Crosby's troubling delivery has led to continual control problems throughout his career and may have even contributed to his regular bouts with elbow injuries. Crosby has yet to develop an ability to throw consistent strikes and has almost no projection for command.

With all those negatives, it can be easy to overlook what the positives that Crosby brings to the table. After dialing back his approach a bit, Crosby's fastball now sits consistently in the 91-93 mph range and regularly reaches 94-95 mph during his starts. He has good life on the fastball and pitches with a steep downward trajectory. Crosby has run his fastball up to 98 mph in the past but he has learned to save those bullets for situations where they are required, rather than just airing it out all the time.
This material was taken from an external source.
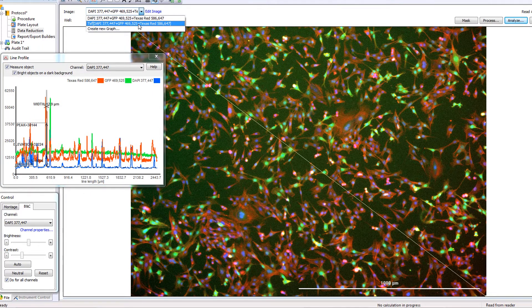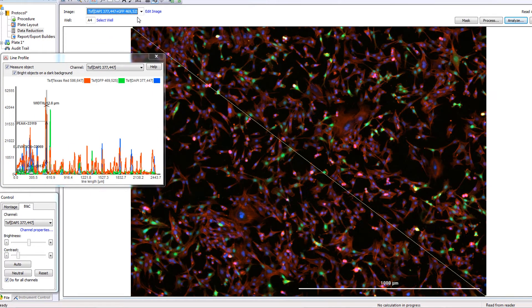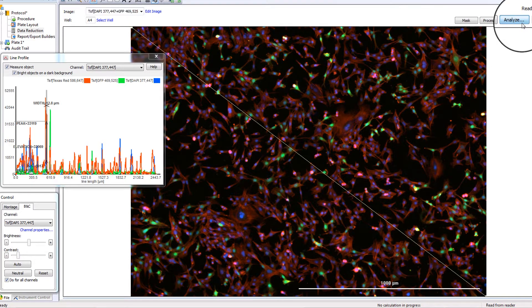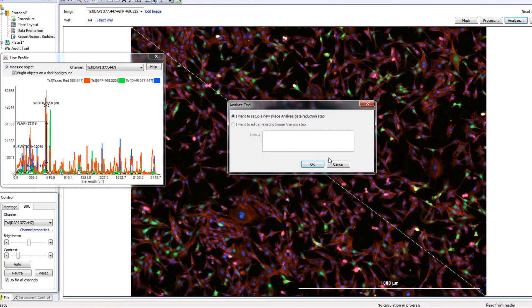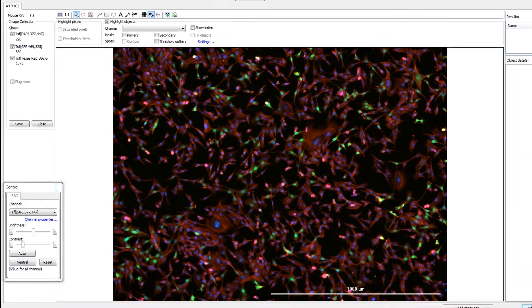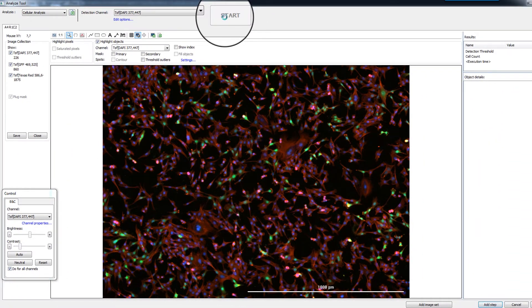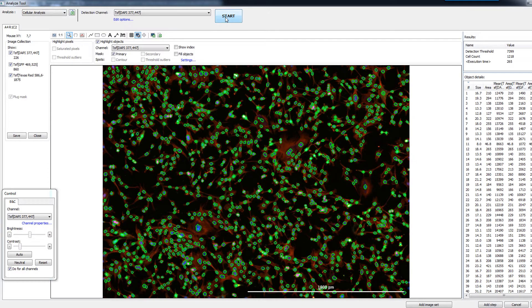Gen5's default cell counting settings are appropriate for most standard cell counting applications, including one-click cell counting that removes the complexity from image analysis.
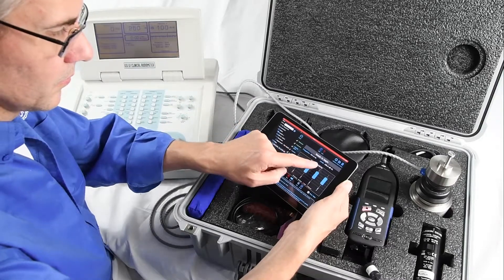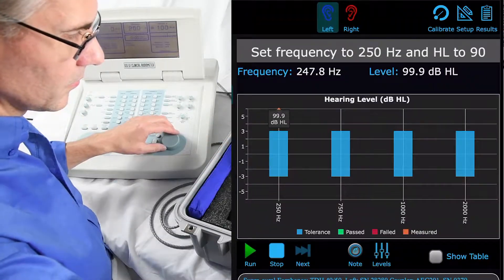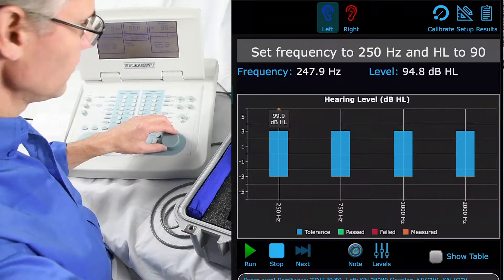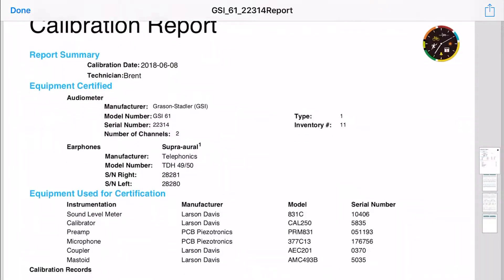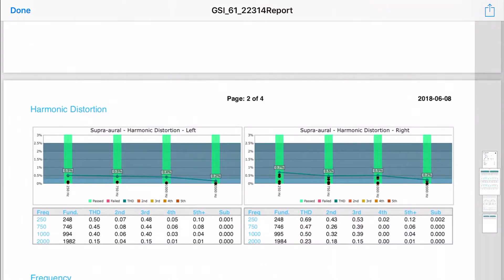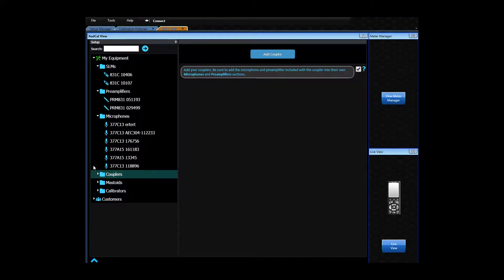It's more than measurements. The AudCal option is robust software for running tests, generating reports, and making testing easier with a stored database.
Crosby's curveball can flash as one of the better breaking pitches in the Tigers system. When his delivery is in sync, his curveball shows tight spin and good depth, working as an above-average pitch that he can bury in the dirt as a chase pitch. Because of his mechanical inconsistencies, Crosby's breaking ball is very hit or miss.

Crosby has yet to show feel for a changeup, despite tinkering with different grips and working hard at developing the pitch. His current version of a changeup is often too firm and almost always below average.

Crosby's size and primary two pitches hint at a pitcher capable of pitching in the third or fourth spot in a big league rotation. Unfortunately, his delivery has not progressed to the point that such a projection is reasonable. I have become increasingly convinced that Crosby would benefit from a move to the bullpen where he can ramp up the velocity on both the fastball and curveball in short bursts.



































Health Record
Crosby has been brittle throughout his career. After a major knee injury playing football in high school, he went under the knife almost immediately after signing with the Tigers; requiring Tommy John surgery to repair a torn ligament in his left elbow. After appearing healthy in 2009, Crosby was back on the shelf with elbow trouble in 2010. He has logged more innings the last two years with only minimal soreness, hinting that his arm problems may be behind him.

While some members of the organization hold out hope for Crosby's future in the rotation, most scouts outside the organization have resigned to the fact that he is destined for the bullpen long term. With a messy delivery that has some effort and a history of injuries, Crosby may find more consistent success in short stints where he doesn't have to worry about dialing things back to conserve energy over multiple innings. In a relief role, Crosby could profile as a dominating lefty setup man.